Segment Open
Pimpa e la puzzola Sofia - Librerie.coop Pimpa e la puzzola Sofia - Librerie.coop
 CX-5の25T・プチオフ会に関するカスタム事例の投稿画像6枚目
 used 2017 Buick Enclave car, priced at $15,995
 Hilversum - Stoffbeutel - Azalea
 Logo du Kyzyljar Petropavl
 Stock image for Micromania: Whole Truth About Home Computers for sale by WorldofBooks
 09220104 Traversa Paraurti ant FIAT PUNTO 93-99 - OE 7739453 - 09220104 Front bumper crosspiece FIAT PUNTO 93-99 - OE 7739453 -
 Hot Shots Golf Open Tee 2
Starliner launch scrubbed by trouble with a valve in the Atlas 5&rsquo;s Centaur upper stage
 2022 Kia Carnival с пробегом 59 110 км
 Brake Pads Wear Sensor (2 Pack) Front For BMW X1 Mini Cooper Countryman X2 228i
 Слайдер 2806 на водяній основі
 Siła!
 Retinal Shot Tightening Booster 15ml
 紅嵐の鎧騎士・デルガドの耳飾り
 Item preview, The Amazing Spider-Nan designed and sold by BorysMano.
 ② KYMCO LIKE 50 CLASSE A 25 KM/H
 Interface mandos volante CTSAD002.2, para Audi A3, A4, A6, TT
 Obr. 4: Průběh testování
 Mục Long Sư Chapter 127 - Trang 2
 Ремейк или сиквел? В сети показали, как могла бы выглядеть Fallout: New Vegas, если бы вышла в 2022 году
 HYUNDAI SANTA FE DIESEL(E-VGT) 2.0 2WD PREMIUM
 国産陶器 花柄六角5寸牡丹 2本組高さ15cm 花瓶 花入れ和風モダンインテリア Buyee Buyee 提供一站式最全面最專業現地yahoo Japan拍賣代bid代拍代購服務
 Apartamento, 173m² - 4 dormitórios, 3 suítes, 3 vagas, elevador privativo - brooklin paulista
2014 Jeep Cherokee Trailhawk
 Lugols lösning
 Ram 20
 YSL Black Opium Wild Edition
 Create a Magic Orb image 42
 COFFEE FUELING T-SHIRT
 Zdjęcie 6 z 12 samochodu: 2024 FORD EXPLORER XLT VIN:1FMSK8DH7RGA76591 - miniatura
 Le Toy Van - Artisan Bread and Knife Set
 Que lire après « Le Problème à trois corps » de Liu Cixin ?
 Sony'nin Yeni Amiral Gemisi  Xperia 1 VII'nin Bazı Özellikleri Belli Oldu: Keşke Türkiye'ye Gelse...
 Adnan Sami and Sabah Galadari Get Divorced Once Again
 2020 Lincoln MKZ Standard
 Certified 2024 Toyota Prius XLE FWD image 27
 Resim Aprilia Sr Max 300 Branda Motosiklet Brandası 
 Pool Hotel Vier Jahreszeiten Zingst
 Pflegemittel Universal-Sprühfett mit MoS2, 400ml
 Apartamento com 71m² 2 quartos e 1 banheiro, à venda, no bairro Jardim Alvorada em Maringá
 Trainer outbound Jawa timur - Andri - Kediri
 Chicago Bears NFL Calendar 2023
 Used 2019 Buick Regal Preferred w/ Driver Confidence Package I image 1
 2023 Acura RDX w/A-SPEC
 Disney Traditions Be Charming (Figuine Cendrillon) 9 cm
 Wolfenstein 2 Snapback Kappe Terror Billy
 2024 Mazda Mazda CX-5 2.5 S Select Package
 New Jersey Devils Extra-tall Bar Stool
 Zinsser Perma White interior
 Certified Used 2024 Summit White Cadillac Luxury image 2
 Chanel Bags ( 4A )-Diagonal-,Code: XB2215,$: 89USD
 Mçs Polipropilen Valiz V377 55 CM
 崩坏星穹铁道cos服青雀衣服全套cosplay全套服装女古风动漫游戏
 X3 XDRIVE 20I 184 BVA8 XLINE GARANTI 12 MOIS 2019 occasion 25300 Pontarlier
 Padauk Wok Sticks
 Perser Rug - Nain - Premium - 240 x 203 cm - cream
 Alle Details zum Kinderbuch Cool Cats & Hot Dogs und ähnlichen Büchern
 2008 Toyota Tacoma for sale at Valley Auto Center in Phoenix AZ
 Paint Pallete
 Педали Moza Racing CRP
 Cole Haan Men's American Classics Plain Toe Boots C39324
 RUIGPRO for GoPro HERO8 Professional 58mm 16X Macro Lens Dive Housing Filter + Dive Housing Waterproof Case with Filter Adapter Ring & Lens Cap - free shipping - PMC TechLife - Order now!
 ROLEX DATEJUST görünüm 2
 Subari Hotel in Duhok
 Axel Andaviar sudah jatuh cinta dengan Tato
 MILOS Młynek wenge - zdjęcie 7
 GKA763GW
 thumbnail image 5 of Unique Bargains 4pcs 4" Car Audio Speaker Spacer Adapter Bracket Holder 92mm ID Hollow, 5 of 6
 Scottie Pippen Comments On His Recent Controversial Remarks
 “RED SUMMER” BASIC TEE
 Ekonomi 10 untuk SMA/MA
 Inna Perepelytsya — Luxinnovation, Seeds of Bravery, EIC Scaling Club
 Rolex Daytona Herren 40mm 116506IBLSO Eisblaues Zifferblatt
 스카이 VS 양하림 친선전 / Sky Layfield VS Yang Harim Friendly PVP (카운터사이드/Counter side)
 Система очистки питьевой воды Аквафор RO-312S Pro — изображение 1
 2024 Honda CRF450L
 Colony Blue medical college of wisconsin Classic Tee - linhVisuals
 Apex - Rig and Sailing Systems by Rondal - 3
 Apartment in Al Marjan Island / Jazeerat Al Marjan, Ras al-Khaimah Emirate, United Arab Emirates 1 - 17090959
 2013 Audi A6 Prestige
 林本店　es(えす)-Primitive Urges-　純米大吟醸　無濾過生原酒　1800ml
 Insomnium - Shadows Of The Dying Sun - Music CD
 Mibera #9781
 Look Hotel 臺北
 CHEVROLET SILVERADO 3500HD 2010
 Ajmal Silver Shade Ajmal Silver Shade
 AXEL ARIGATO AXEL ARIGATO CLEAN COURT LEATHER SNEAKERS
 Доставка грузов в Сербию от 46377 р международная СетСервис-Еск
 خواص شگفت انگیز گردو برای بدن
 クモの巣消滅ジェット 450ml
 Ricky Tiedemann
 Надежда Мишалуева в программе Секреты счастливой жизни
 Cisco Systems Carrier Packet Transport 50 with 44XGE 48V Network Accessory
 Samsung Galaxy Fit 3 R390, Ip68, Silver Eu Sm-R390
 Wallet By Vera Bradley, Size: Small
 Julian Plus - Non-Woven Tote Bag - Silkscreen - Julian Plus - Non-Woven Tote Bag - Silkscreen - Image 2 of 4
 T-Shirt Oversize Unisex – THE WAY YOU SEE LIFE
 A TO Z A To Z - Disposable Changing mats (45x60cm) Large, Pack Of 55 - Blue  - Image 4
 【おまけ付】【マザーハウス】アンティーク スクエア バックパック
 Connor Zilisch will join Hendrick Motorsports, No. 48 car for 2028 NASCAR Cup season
Segment Closed
Task: Return the span of lines in the data above that opens at the line with "2023 Acura RDX w/A-SPEC" and closes at the line with "Padauk Wok Sticks", exactly, ends included, nothing else.

Output below:
 2023 Acura RDX w/A-SPEC
 Disney Traditions Be Charming (Figuine Cendrillon) 9 cm
 Wolfenstein 2 Snapback Kappe Terror Billy
 2024 Mazda Mazda CX-5 2.5 S Select Package
 New Jersey Devils Extra-tall Bar Stool
 Zinsser Perma White interior
 Certified Used 2024 Summit White Cadillac Luxury image 2
 Chanel Bags ( 4A )-Diagonal-,Code: XB2215,$: 89USD
 Mçs Polipropilen Valiz V377 55 CM
 崩坏星穹铁道cos服青雀衣服全套cosplay全套服装女古风动漫游戏
 X3 XDRIVE 20I 184 BVA8 XLINE GARANTI 12 MOIS 2019 occasion 25300 Pontarlier
 Padauk Wok Sticks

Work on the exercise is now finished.